What is needed is the whole of the data, set down exactly.

BEGIN INFORMATION SHOWN

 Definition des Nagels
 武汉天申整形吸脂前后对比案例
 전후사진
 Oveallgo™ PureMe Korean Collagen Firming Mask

END INFORMATION SHOWN

» **ANSWER SPACE**
 Definition des Nagels
 武汉天申整形吸脂前后对比案例
 전후사진
 Oveallgo™ PureMe Korean Collagen Firming Mask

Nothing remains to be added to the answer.